The results come before Ackermann hands the reins of Germany's flagship lender to investment banker Anshu Jain and Germany chief Juergen Fitschen, who are due to take over at the helm as co-chief executives in May.
ACKERMANN'S DECADE
In his decade at the top of Deutsche, Ackermann transformed it from being a German lender specialized in serving industrial companies into an international investment bank with retail banking, asset management and wealth management operations.
In October, Deutsche Bank scrapped an ambitious full-year target of achieving 10 billion euros profit before tax from its core businesses, saying it was no longer within reach as the European debt crisis roiled global markets.

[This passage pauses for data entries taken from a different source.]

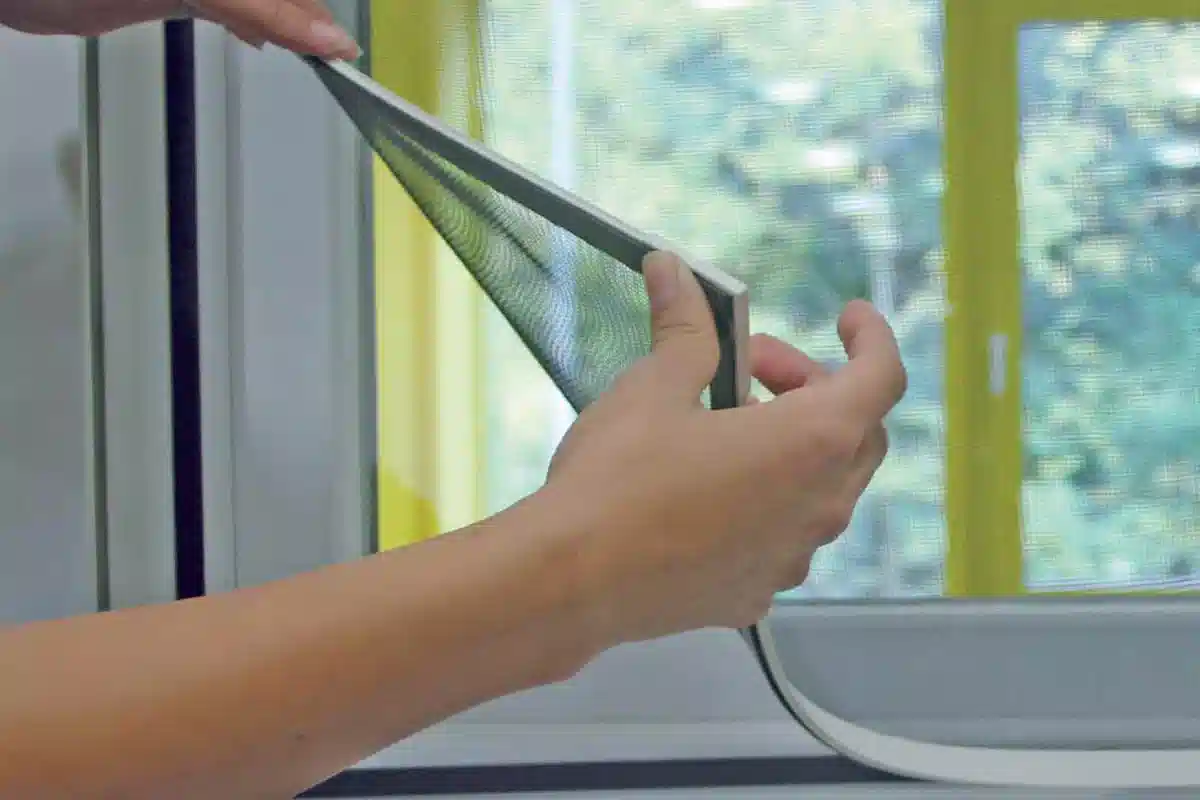 توری مگنتی برای پنجره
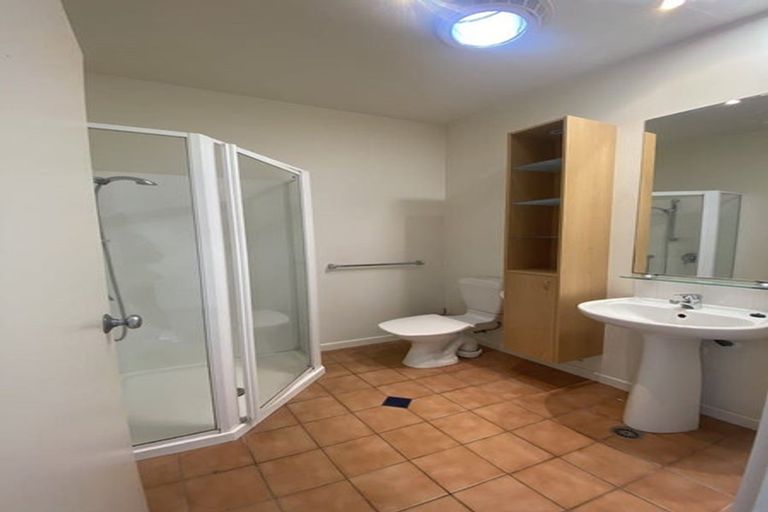 Photo of property in 140/2 Armoy Drive, East Tamaki, Auckland, 2016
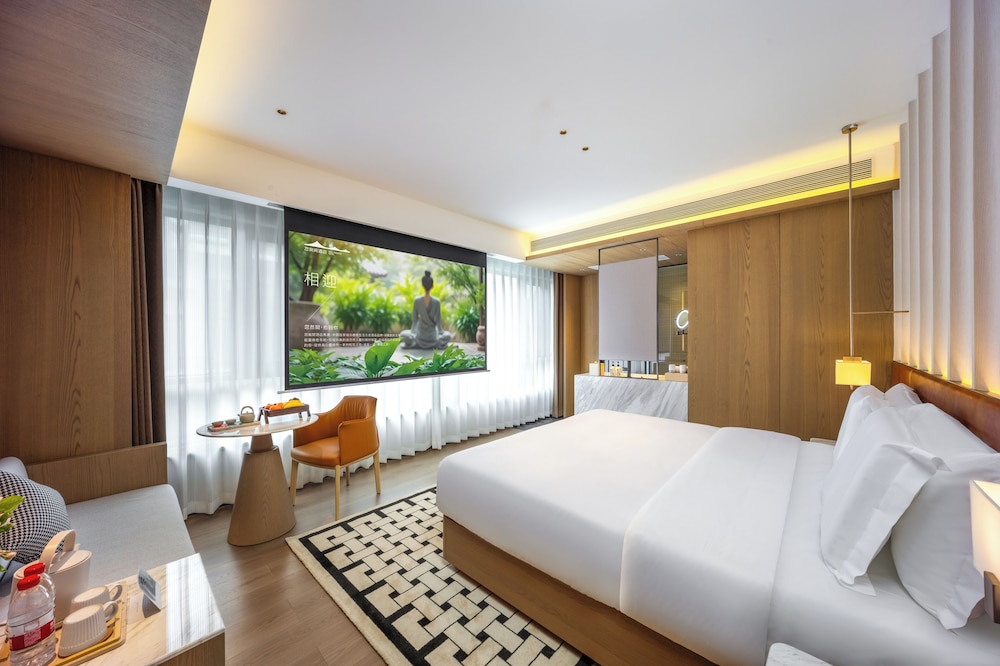 Panoramic Double Room, Courtyard View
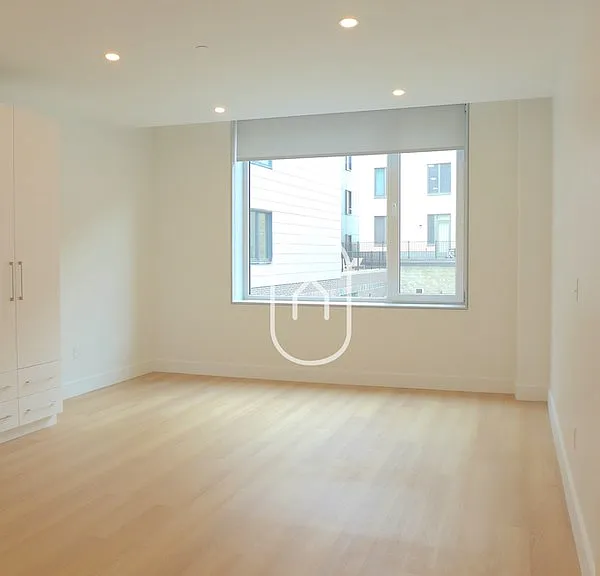 1112 Harrison Ave — Photo 2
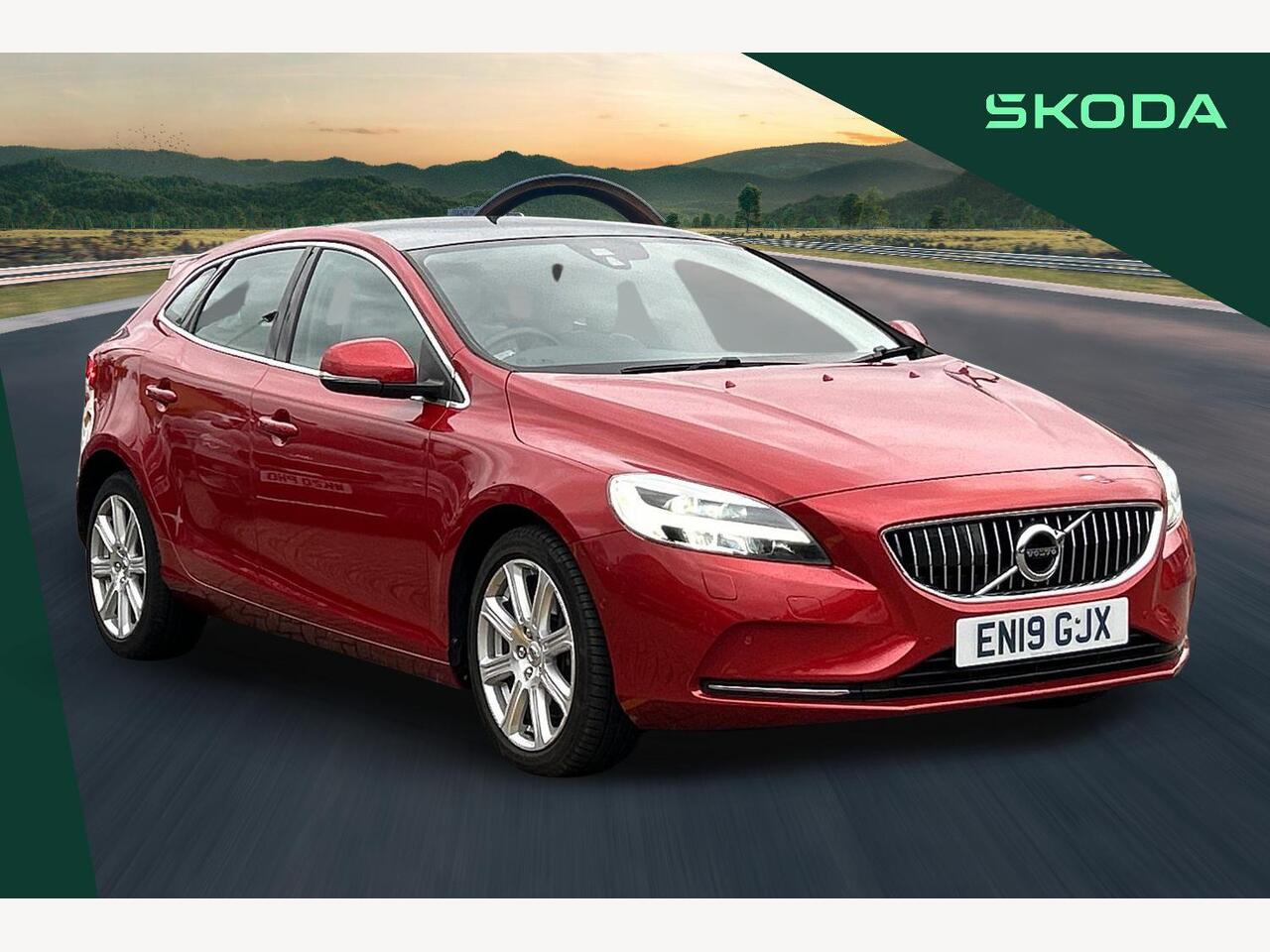 Main listing image - Volvo V40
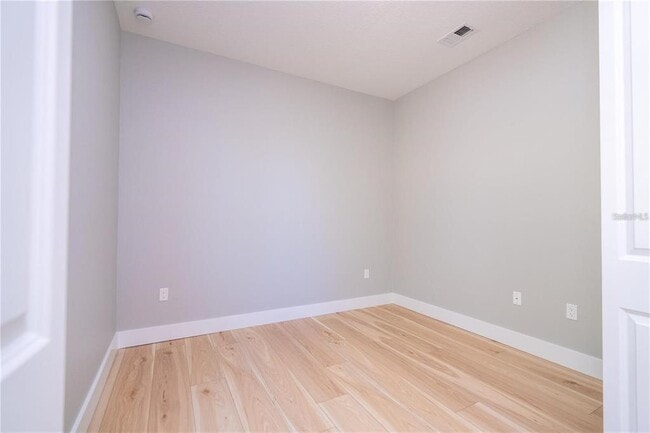 Building Photo - 49 Santa Fe St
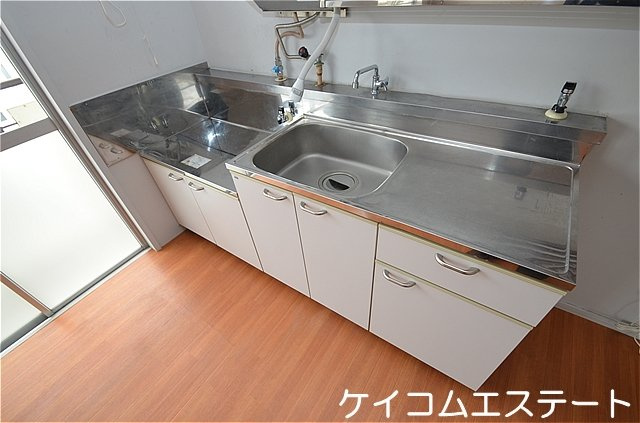 ヴィラナリー中間Ⅱ　２号棟のキッチン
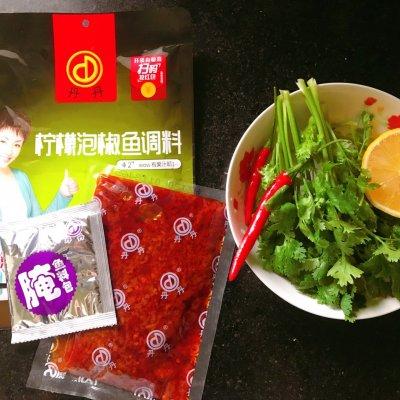 怎么做柠檬鱼，柠檬鱼的做法家常做法（#夏日开胃餐#柠檬泡椒鱼）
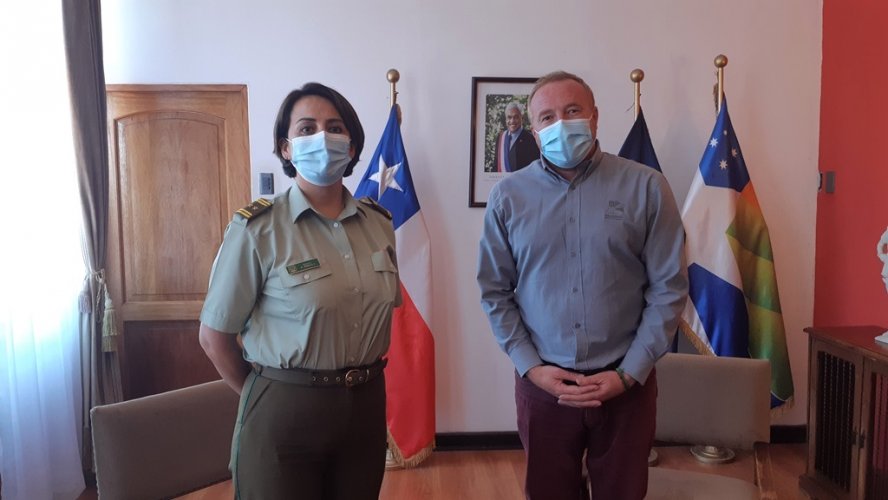 INTENDENTE PABLO HERMAN SE REÚNE CON LA PRIMERA JEFA DE ZONA DE CARABINEROS DE LA REGIÓN INTENDENTE PABLO HERMAN SE REÚNE CON LA PRIMERA JEFA DE ZONA DE CARABINEROS DE LA REGIÓN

Full-year pretax profit in its core businesses stood at 6.6 billion euros.
Ackermann, a 63-year-old Swiss, joined Deutsche Bank in 1996 and became chief executive in 2002 overseeing four phases of transformation including a shift in strategy with a focus on shareholder value.
When Ackermann took over, the bank's share price was at about 70 euros. On Thursday, Deutsche Bank shares were down 2 percent at 33.36 euros by 3:09 a.m. ET, underperforming a firmer sector index.
In the early stages of his career, Ackermann aggressively expanded investment banking and cut the bank's dependence on German revenues through global expansion and by unwinding a portfolio of German industrial holdings.
As an advocate of shareholder value in Germany he faced opposition from politicians who said this focus on profitability was not compatible with the "social market economy."
Later, Ackermann set an ambitious target of raising profitability to a pretax return on average active equity of 25 percent, which he first achieved in 2005.
By now, such goals have become harder to achieve as regulators ask lenders to hold more capital reserves to cover potential losses. Deutsche Bank's core tier 1 ratio stood at 9.5 percent at the end of 2011.
Ackermann has said in the past that he wants to plug a 3.2 billion-euro capital shortfall identified by the European Banking Authority mainly by retaining earnings.
The bank said it will still propose to pay shareholders a stable dividend of 0.75 euros a share.